Defining Benchmarking
Benchmarking is an efficient process contributing to better KM and supporting employee and organizational learning. It is defined as “the search for organizations best practices that lead to superior performance” and presents “continuous, systematic monitoring and evaluation of how well and effectively the enterprise carries out the service or produce the product, as compared with enterprises that produce best practices” (Jetmarová 2). In other words, benchmarking implies research on business competitiveness with a focus on the identification of weaknesses and needs for improvement. Additionally, this comparative study tool aims to clarify which activities must be performed to add customer value and which of them are the best ones. Overall, it implies a continuous knowledge generation process, as well as its translation into practice.

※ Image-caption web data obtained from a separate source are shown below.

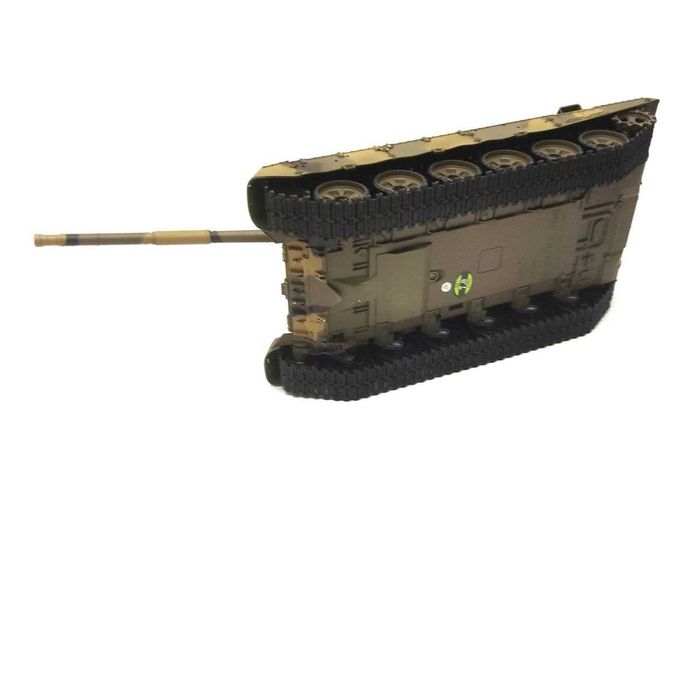 Танк Heng Long 3938-UPG Т-90 V7.0 масштаб 1:16 RTR 2.4G на пульті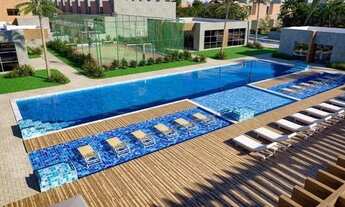 Imagem 2: Casa com 3 dormitórios à venda, 125 m² por R$ 800.000,00 - Ponta Negra - Natal/RN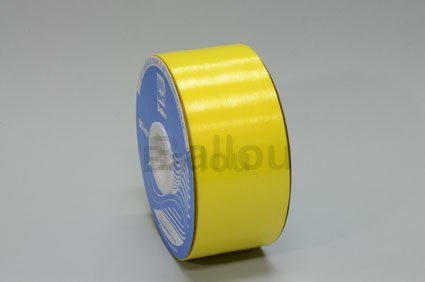 CINTA REGALO BALLOU LISA 40 x 50 AMARILLO       C237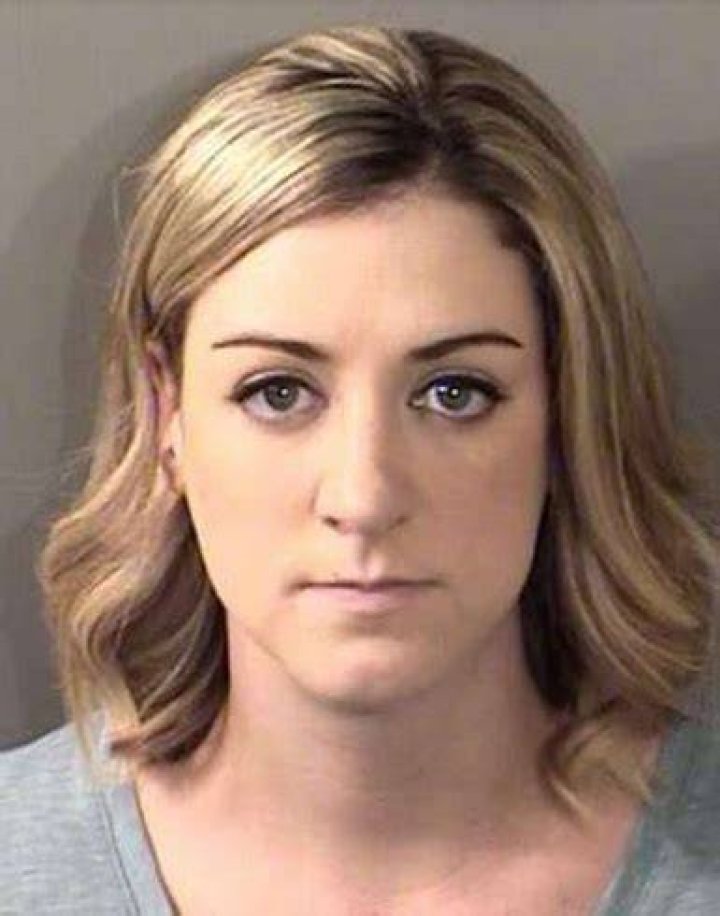 Rebecca Goerdel Katherine Ruth Harper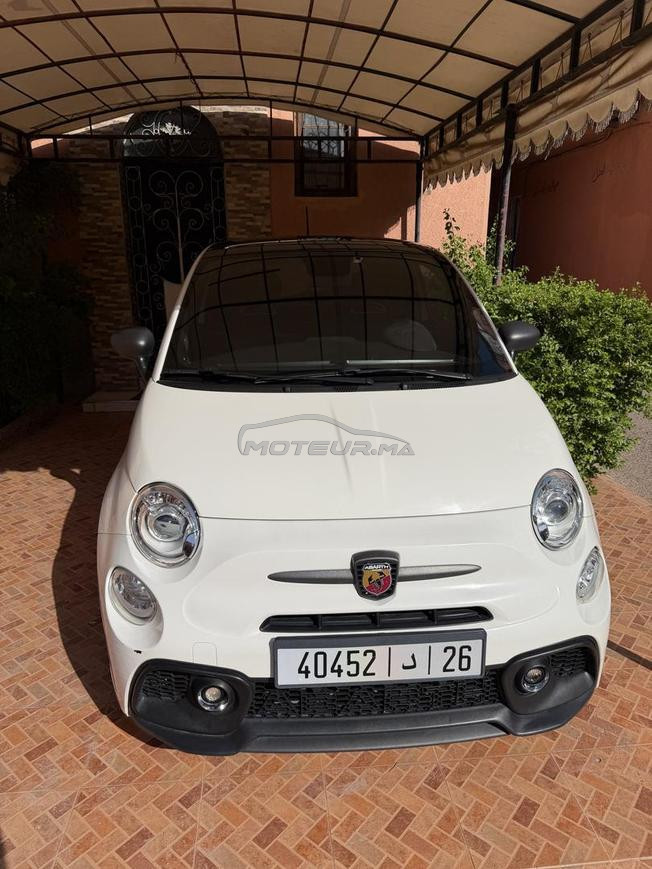 abarth 695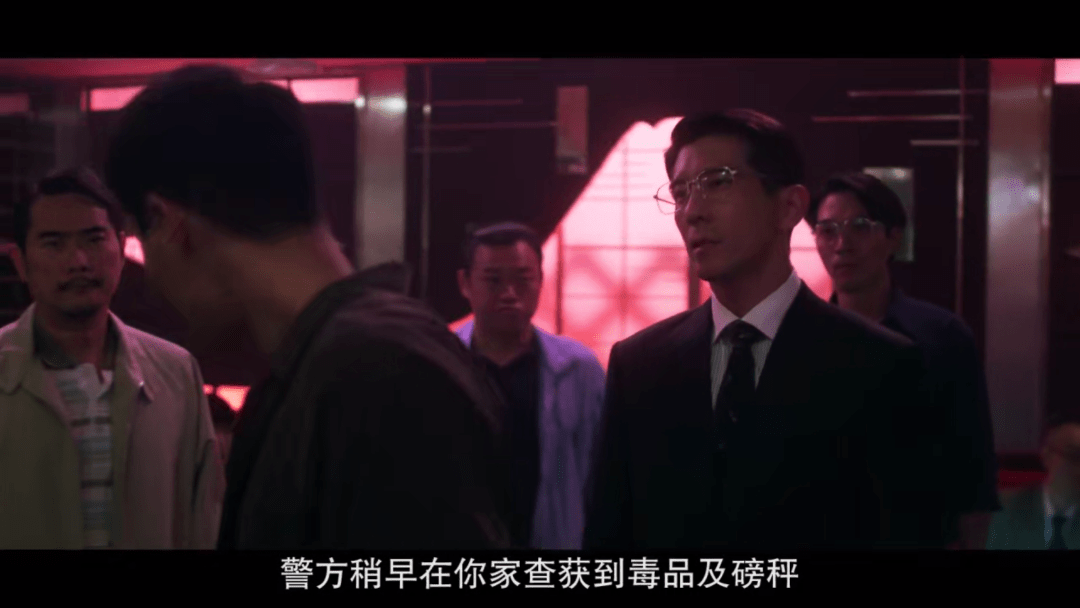 文成|铺垫了两季，《华灯初上》是烂尾还是升华？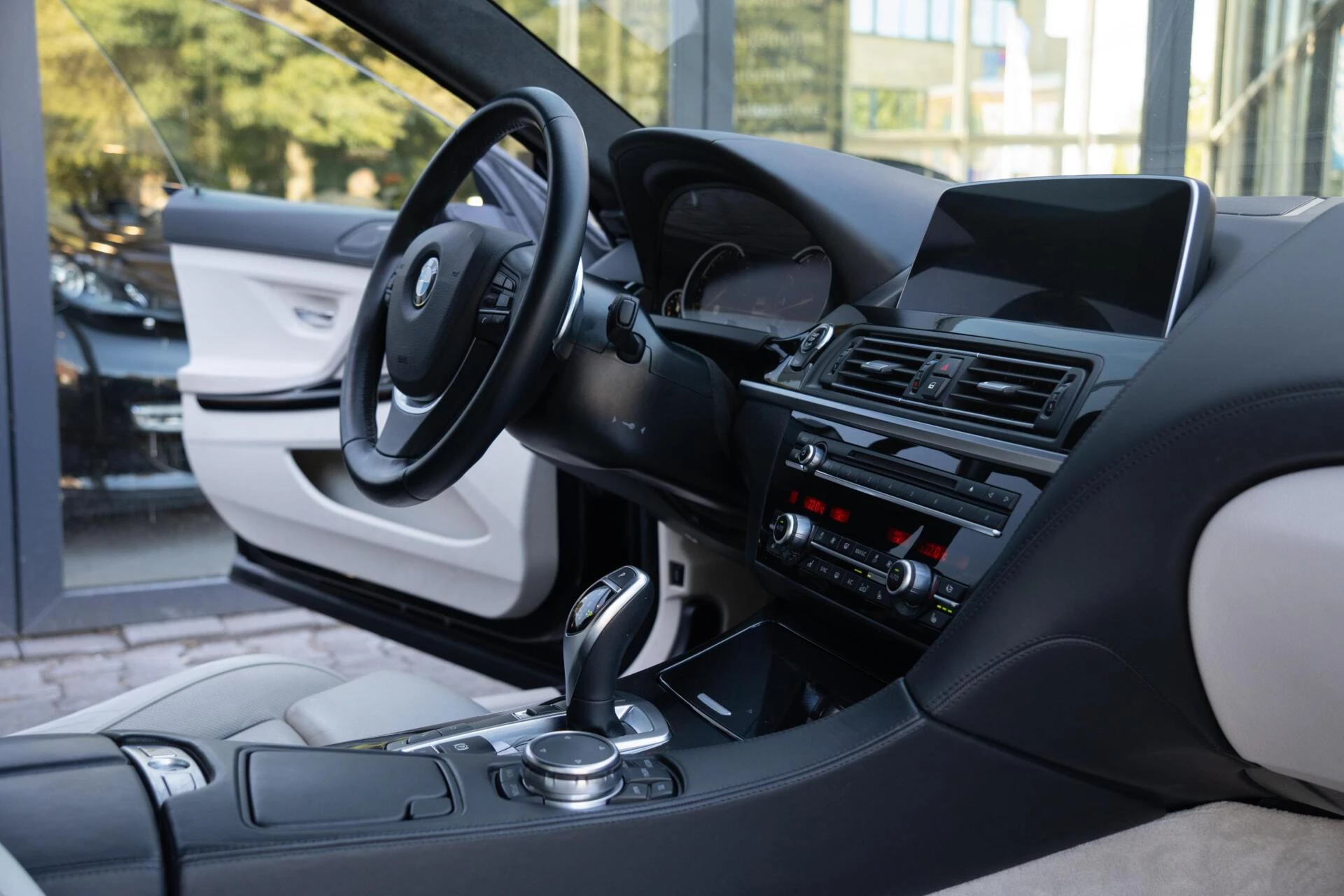 Hoofdafbeelding BMW 6 Serie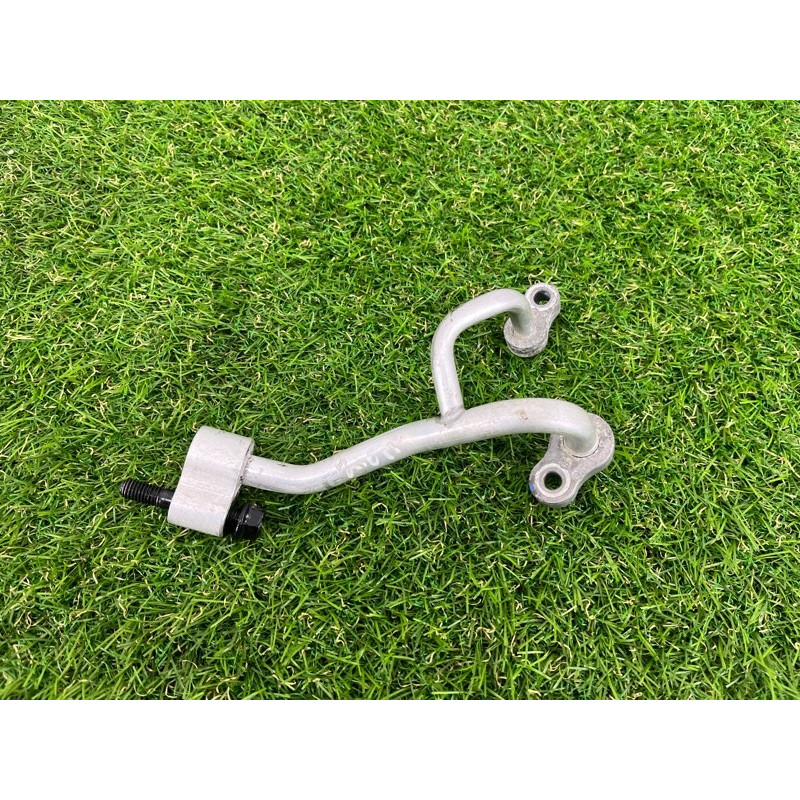 Трубка кондиционера (отопление и кондиционирование) Hyundai Ioniq AE 2019 Electro 97759G7610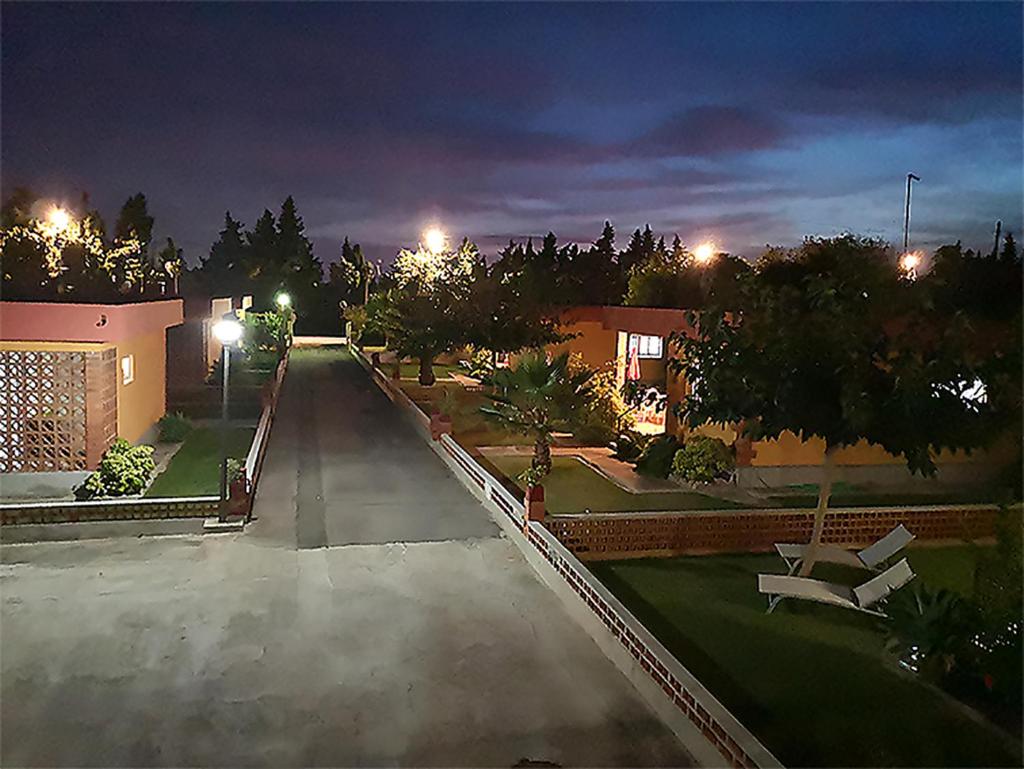 Bungalows Pascual photo 1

A simple, evidence-based benchmarking model designed by Jetmarová comprises four major steps: planning, data gathering, data assessment, and knowledge integration (5). These four phases are mutually interconnected and involve various KM activities, such as information coding, spread, storage, and so forth. Notably, the questions “What to benchmark?” and “Who is the best” are fundamental in the benchmarking process because they orient a company during the course of knowledge generation. At the same time, the main purpose of the illustrated benchmarking program is to answer the questions “How they do it?” and “How we are going to do it?”
Benchmarking Practices: Planning
The presented benchmarking model may include a plethora of practices that can be realized at different stages of its implementation. In particular, the planning phase is mainly associated with the measurement of the company’s critical success factors. The expected outcomes of this practice are the definition of benchmarking orientations, depth of the process, and its objectives (Jetmarová, “Comparison of Best Practice Benchmarking Models” 81). This practice allows identifying those strategic factor variables that directly impact client satisfaction and service quality, and it implies a profound assessment of the external environment and an overview of industry trends. The benefit of the planning phase in the benchmarking program is the provision of a structured approach and a solid basis for the generation of new knowledge.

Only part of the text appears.